# Java 3D -> JBullet



## Matthias K. (17. Okt 2011)

Hallo zusammen!
Ich habe mich mit JOGL im Bezug auf JBullet beschäftigt und es auch geschafft jegliche 
Körper, wie Würfel, Kugeln etc. rechnen und darstellen zu lassen, jedoch krieg ich es 
einfach nicht hin, CompoundShapes zu erstellen.
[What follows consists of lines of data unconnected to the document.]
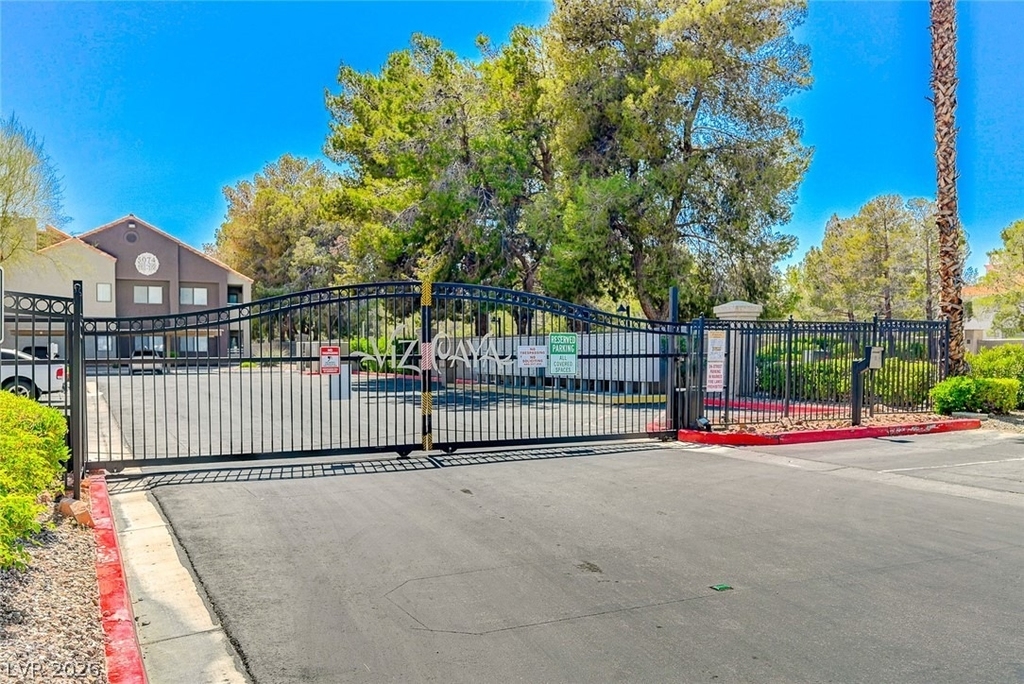 5018 S Rainbow Boulevard - Photo 35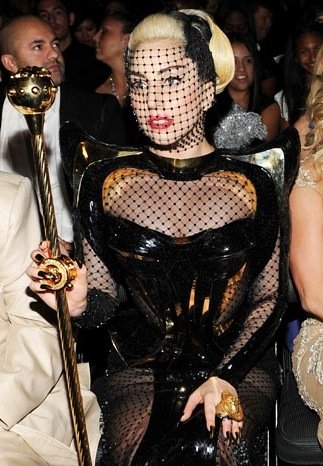 Τα 10 πιο εκκεντρικά χτενίσματα της Lady Gaga, που μας άφησαν άναυδους [εικόνες] | iefimerida.gr 8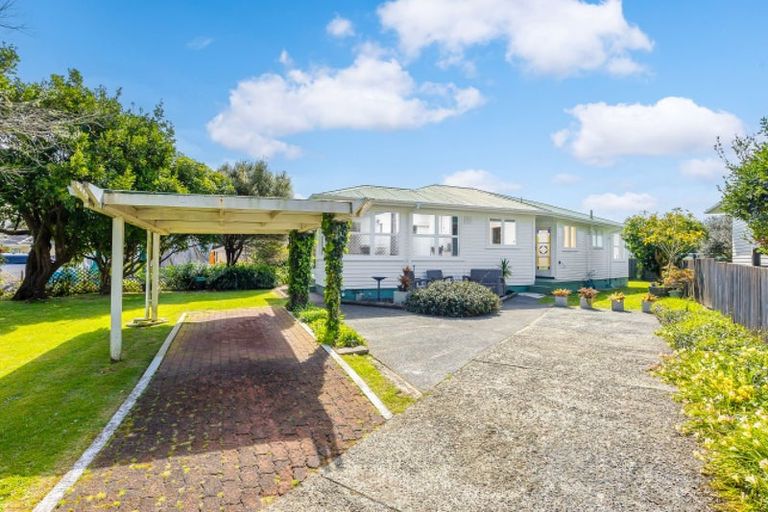 Photo of property in 67 Te Kanawa Crescent, Henderson, Auckland, 0610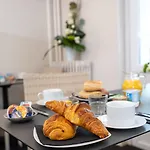 Logis Du Chateau Hotel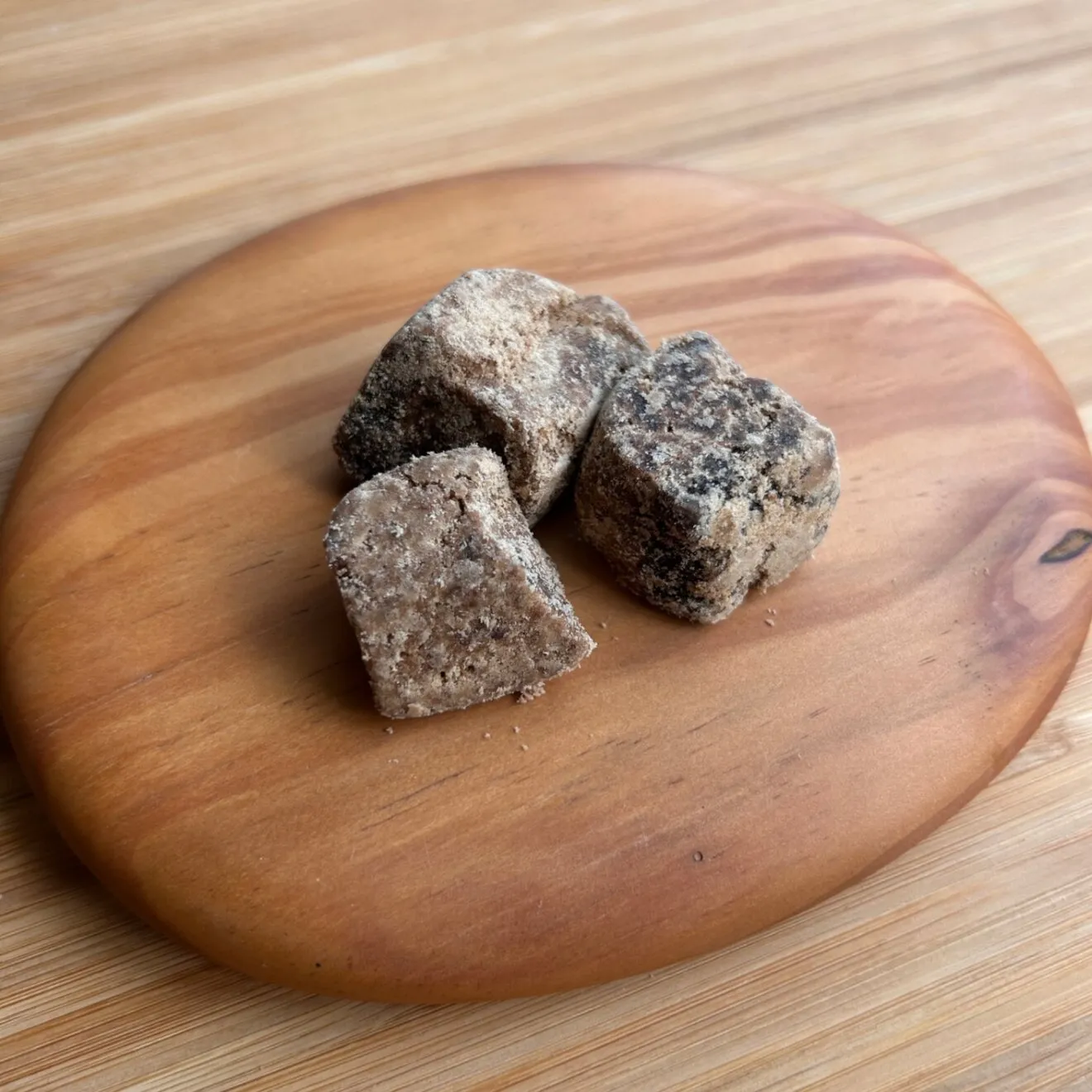 【波照間島産】沖縄黒糖 180g｜日本最南端の島から届く 濃厚な甘さ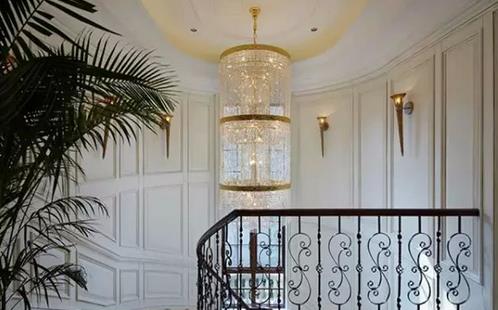 實木護墻板.jpg 實木護墻板.jpg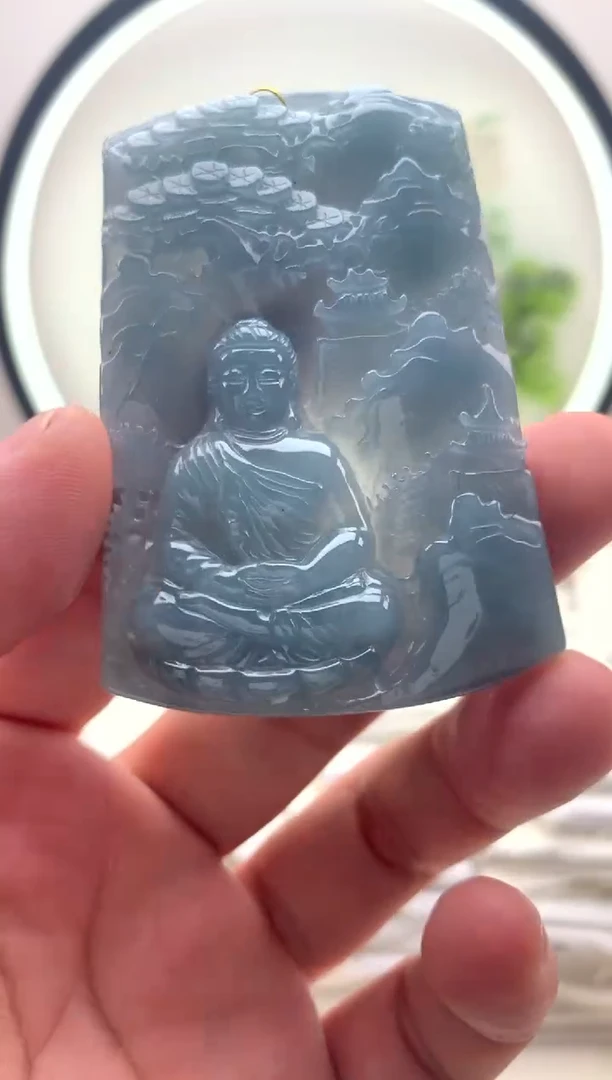颈饰未镶嵌翡翠大日如来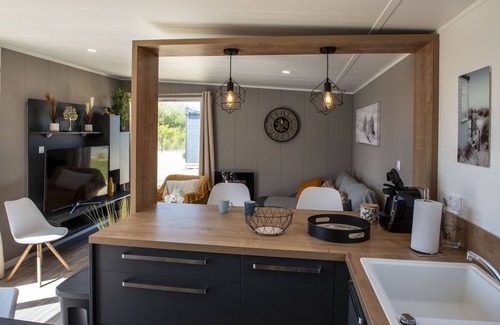 Bretignolles-sur-Mer Ski Chalet | Chalet for 6 in an estate with swimming pool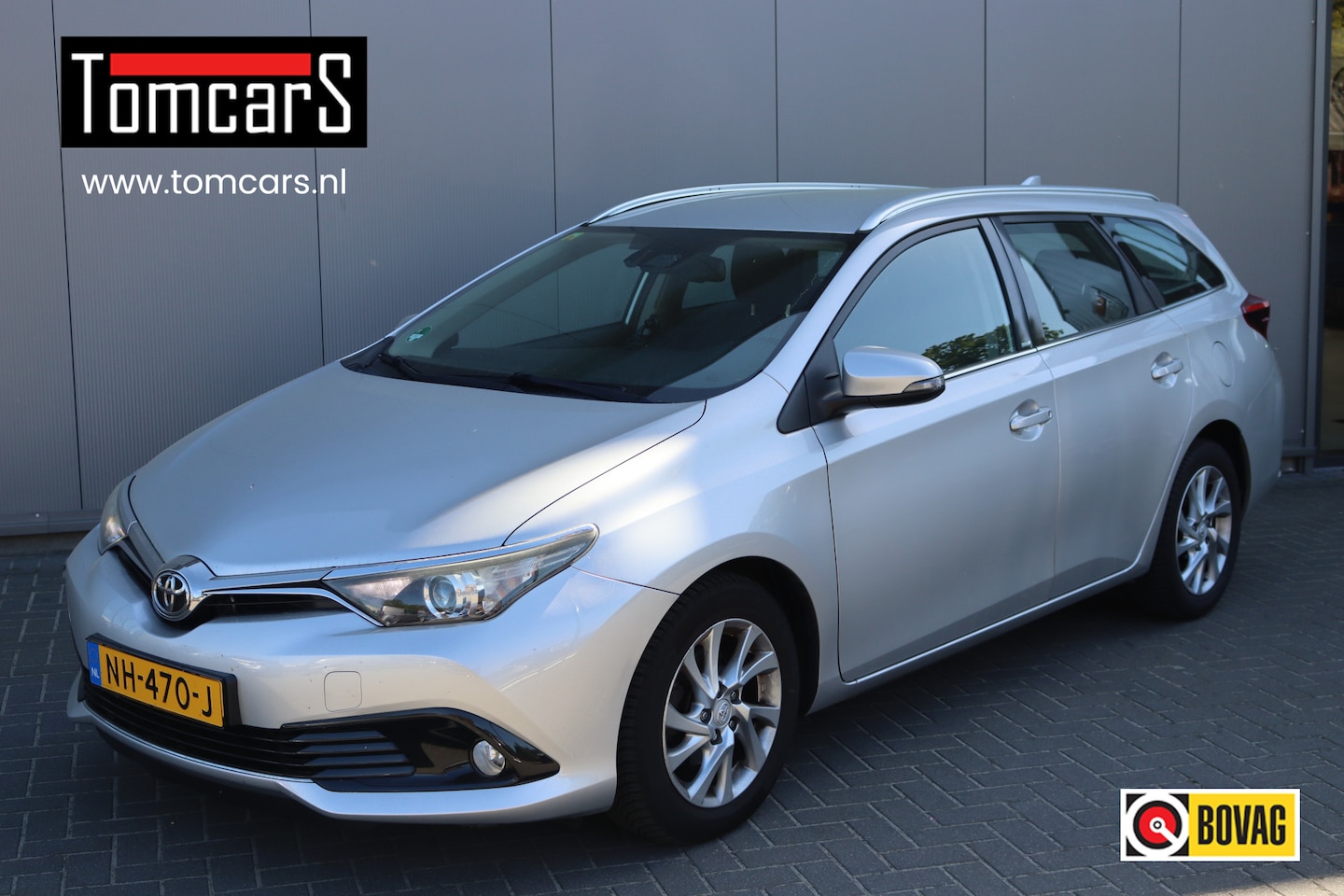 Toyota Auris Touring Sports - 1.2T 116PK Automaat Aspiration Navigatie/Camera/Stoelverwarming/Cruise-control - AutoWereld.nl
In den beigelegten Codes findet man 
zwar eine Beispiel, aber dieser funktioniert leider nicht.

Kann jemand mal nen Code posten (bitte ohne JME-Bibliotheken), der funktioniert?


Danke im Vorraus!

Gruß,
Matthias


----------



## Matthias K. (18. Okt 2011)

Hallo zusammen!
Ich hab es endlich geschafft eine Lösung für mein Problem zu finden,
nämlich mit "copy+paste" 
Jedoch dauert es noch etwas bis ich den funktionstüchtigen Code so um-
geschrieben habe, dass er wunschgemäß funktioniert :rtfm:

Falls jemand Interesse an JBullet + OpenGL hat, einfach nur antworten.
Ich wollt' nämlich vielleicht mal ein kleines Tutorial schreiben.


Hier der Link für ein paar JBullet-Beispiele (Applet):
JBullet - Java port of Bullet Physics Library


Gruß,
Matthias


----------



## Skanky (19. Okt 2011)

Also allgemeines Interesse ist da 

auch wenn ich im Monent noch lange nicht soweit bin.


----------



## Matthias K. (21. Okt 2011)

Schon mal einer! :applaus:

Also entweder kann schon fast jeder mit JBullet umgehen oder
keiner versteht, dass ich nur wissen möchte, ob allgemeines
Interesse besteht.

Gruß,
Matthias


----------